Why are some sites missing from findx?

Because we are an independent search engine and not a metasearch engine, our spider is continuously crawling the web, adding pages to the findx index. And because we are a European search engine, European and English-language sites are a priority for findx as it is growing and improving its index.

But not all websites allow every spider to trawl through their web pages – some sites allow only a few search engines to index their site.

How is access restricted to a website?

This is an issue faced by all search engines, not just findx. Every website can specifically allow or disallow spiders or other ‘user-agents’ (bots or human users) from accessing their pages, by explicitly naming them in a file called robots.txt.

Some sites may only allow Google to see their pages, others may only allow Yandex.

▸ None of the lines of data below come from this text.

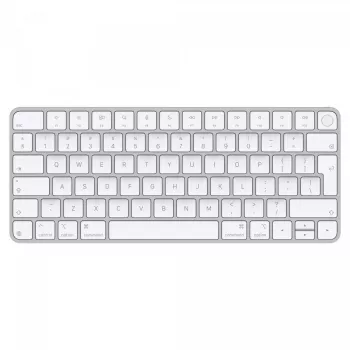 Tastiera Magic con Touch ID per modelli Mac con layout Apple – inglese (internazionale)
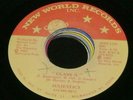 MAJESTICS CLASS A/KEY TO LOVE 45 RAP / MODERN SOUL HEAR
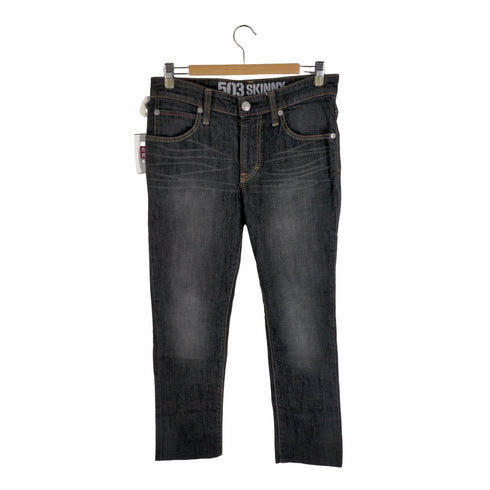 エドウィン EDWIN 503 SKINNY BLUE TRIP EDGELINE ジーンズ メンズ 30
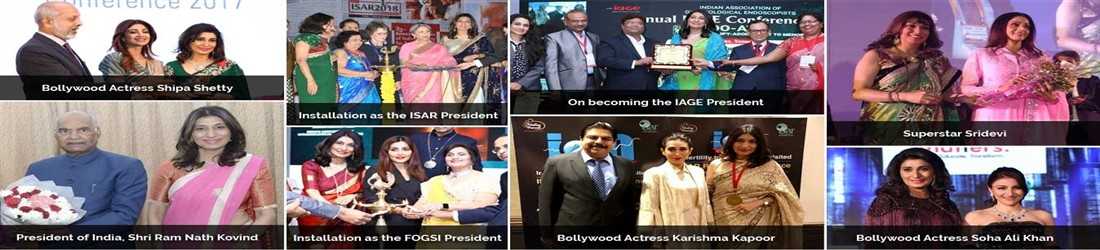 banner image of Dr. Rishma Pai 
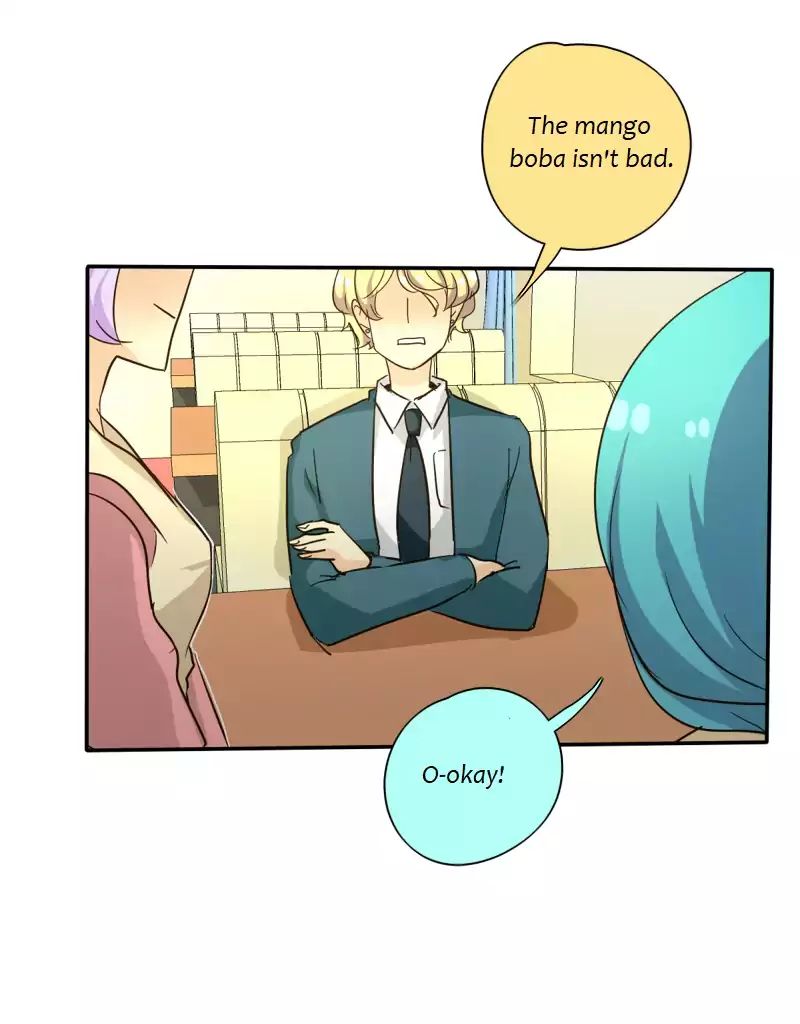 Read unOrdinary Manga EN Manga Online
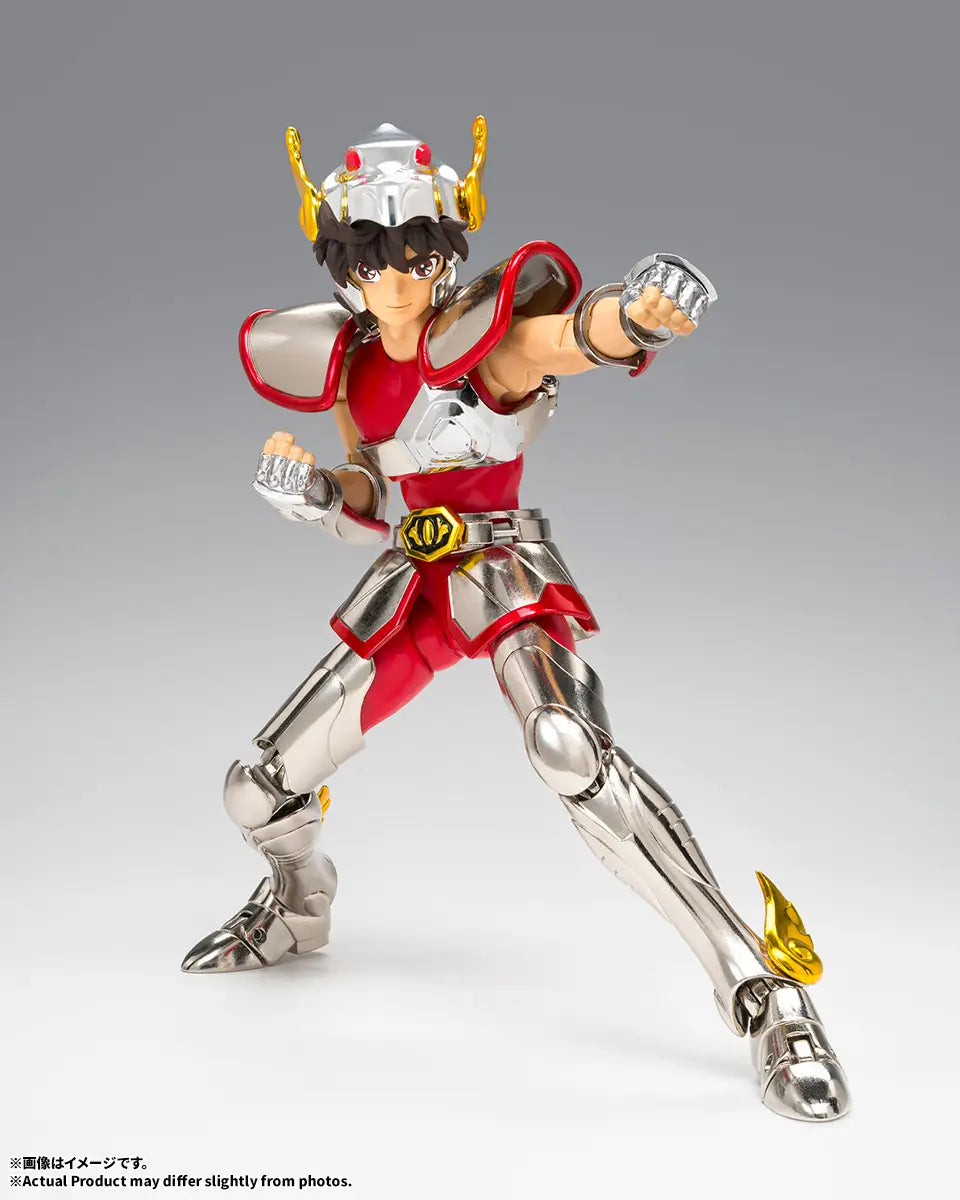 PRE ORDER – SAINT CLOTH MYTH EX PEGASUS SEIYA (FIRST BRONZE CLOTH)
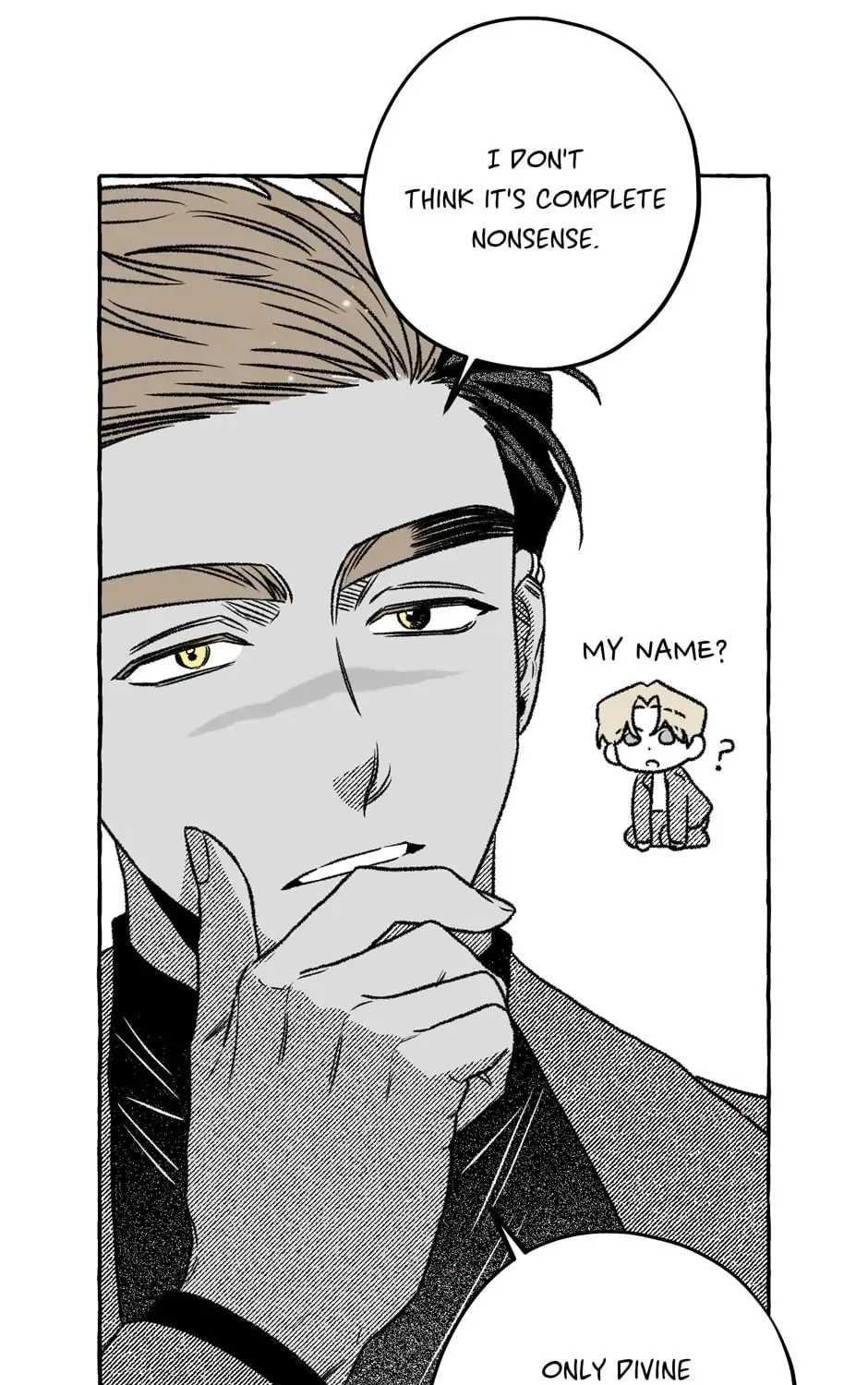 The Contractors of Pandora Chapter 91 page 45 - 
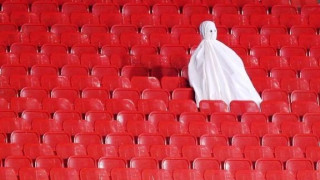 Δεν υπάρχουν άλλα κοροΐδα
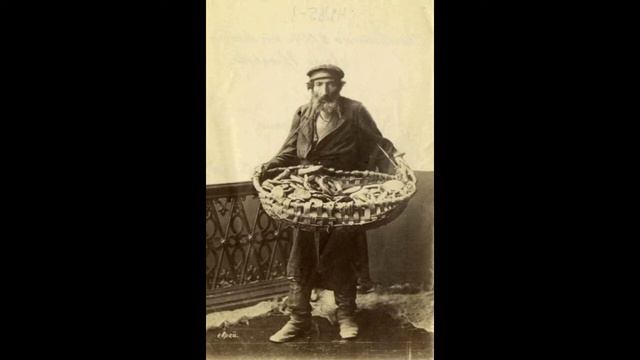 Goldenshteyn's Moldavian Freylakhs смотреть онлайн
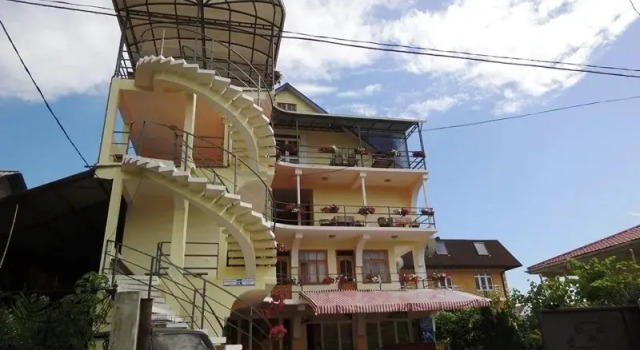 Гостевой дом Араик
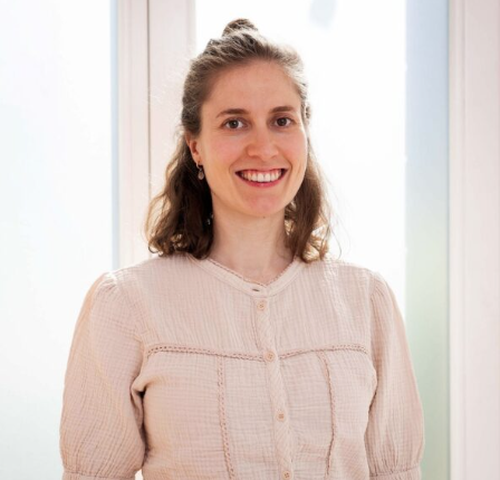Profilbild von Johanna Sitaras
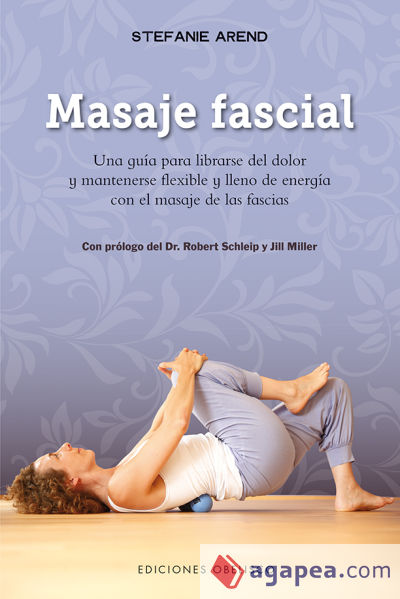 MASAJE FASCIAL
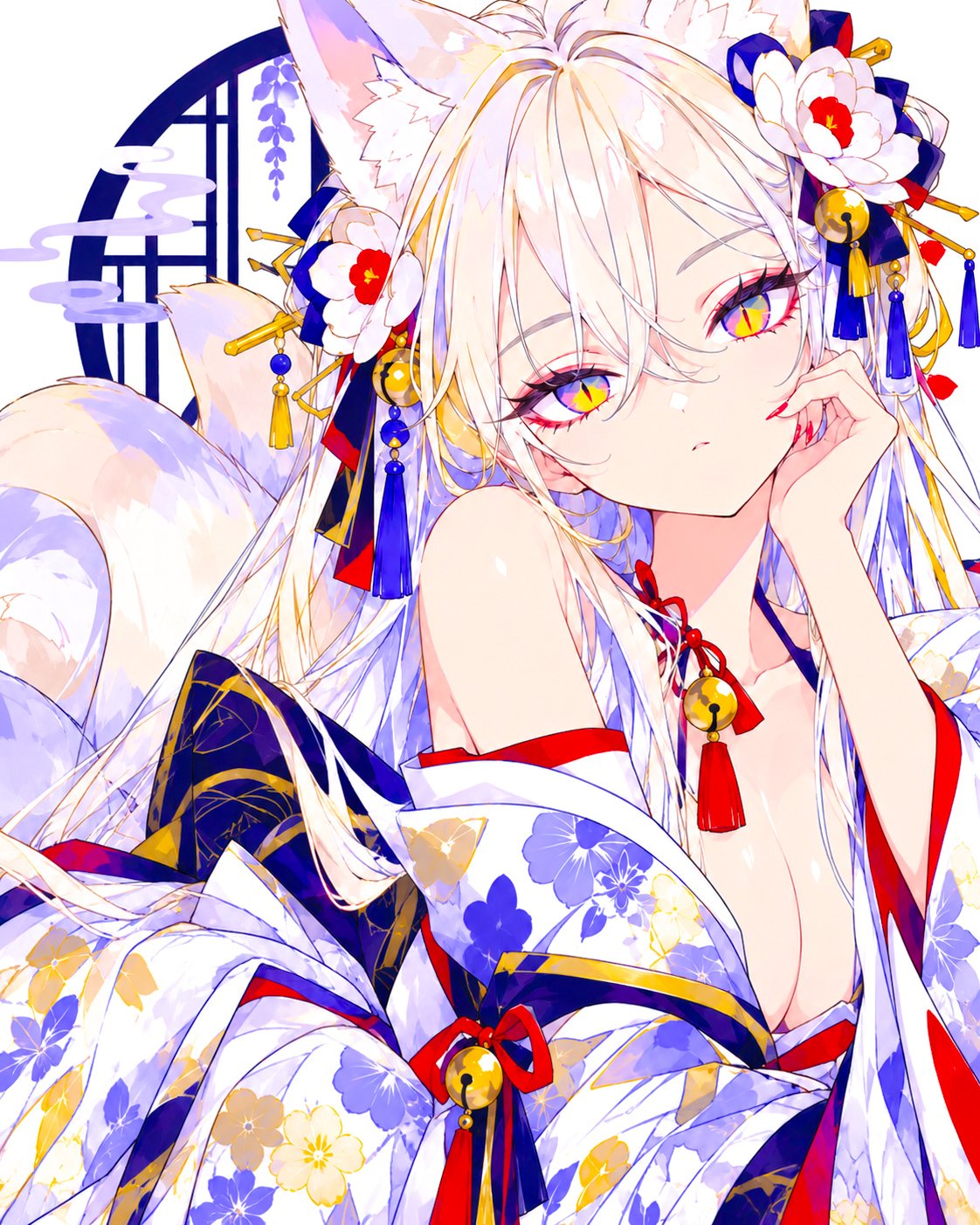 asMi(あさみ) ai-illustrator on X / X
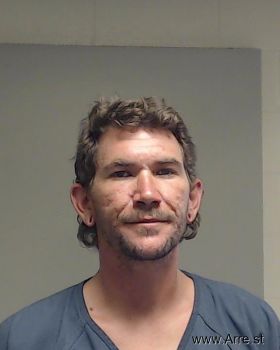 Clinton Joseph Barbee Mugshot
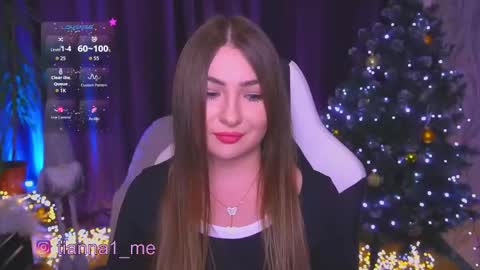 Snapshot of tianna_me chatting on December 22, 2025, 7:55 pm tianna_me online show from December 22, 2025, 7:55 pm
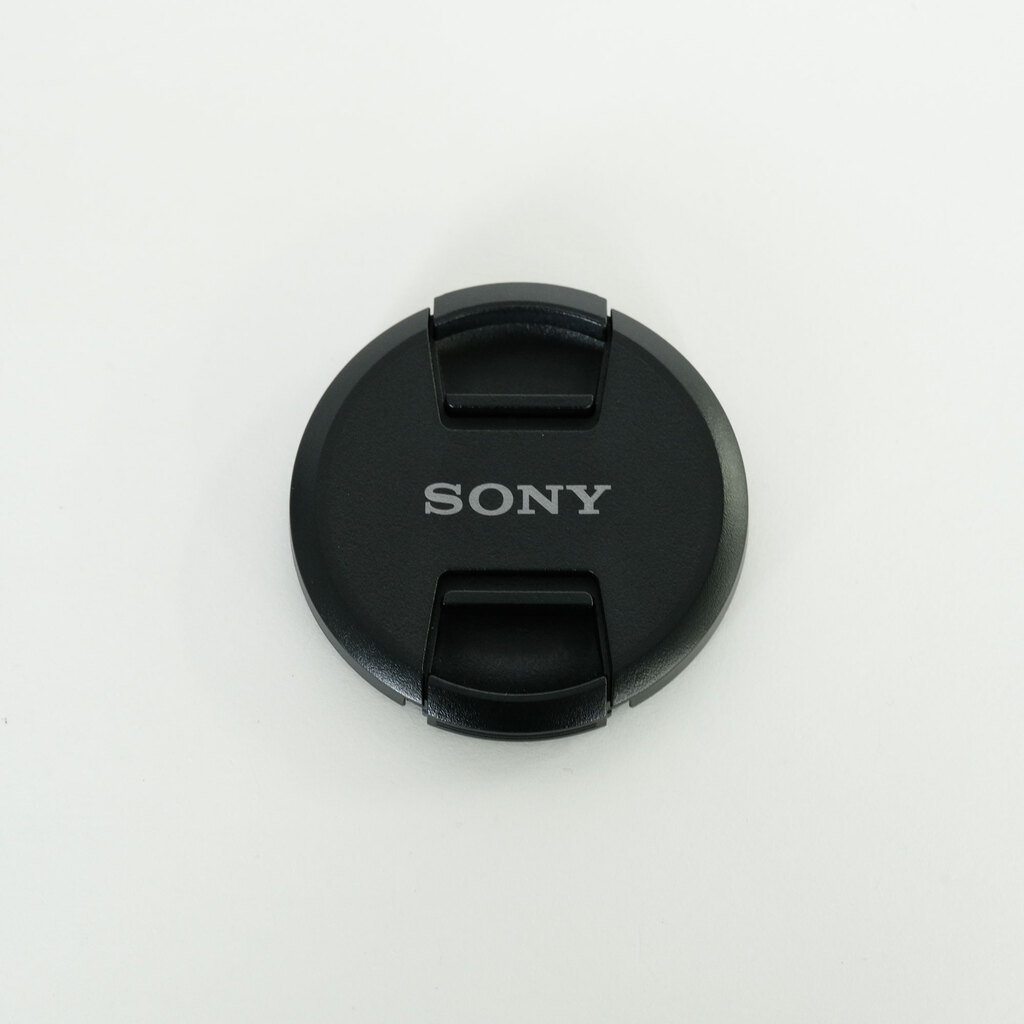 SONY FE 90mm F2.8 Macro G OSS SEL90M28G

Some sites may disallow all user-agents, or only allow traffic from one particular bot to see their pages.

It’s a common practice to limit indexing of pages by using a detailed robots.txt.

Not allowed to index

Unfortunately, the findxbot is not allowed to index some of the larger and popular English-language websites.

We have specifically asked that our spider have permission to index pages on some of these sites, but a couple have said no (Yelp and Quora), and we are waiting to hear back from some others (Github, Facebook and LinkedIn).

You can see the full list of websites that findx is not allowed to index in the help, and we have included a link to each site’s robots.txt so you can see what other user-agents these sites have also blocked.

What if I want to search on those sites?

Findx is a true search engine and wants to comply with the known robots.txt standards That’s why we can’t show you any results from the sites that don’t allow us to index.

But you can use a search exit to quickly and easily repeat your search on those specific sites. Simply type !q in the search box to jump to Quora, or !fb for Facebook.

Search Quora from findx using !q

Or, you can write to the site and ask them to give permission to findx to index their pages! 😉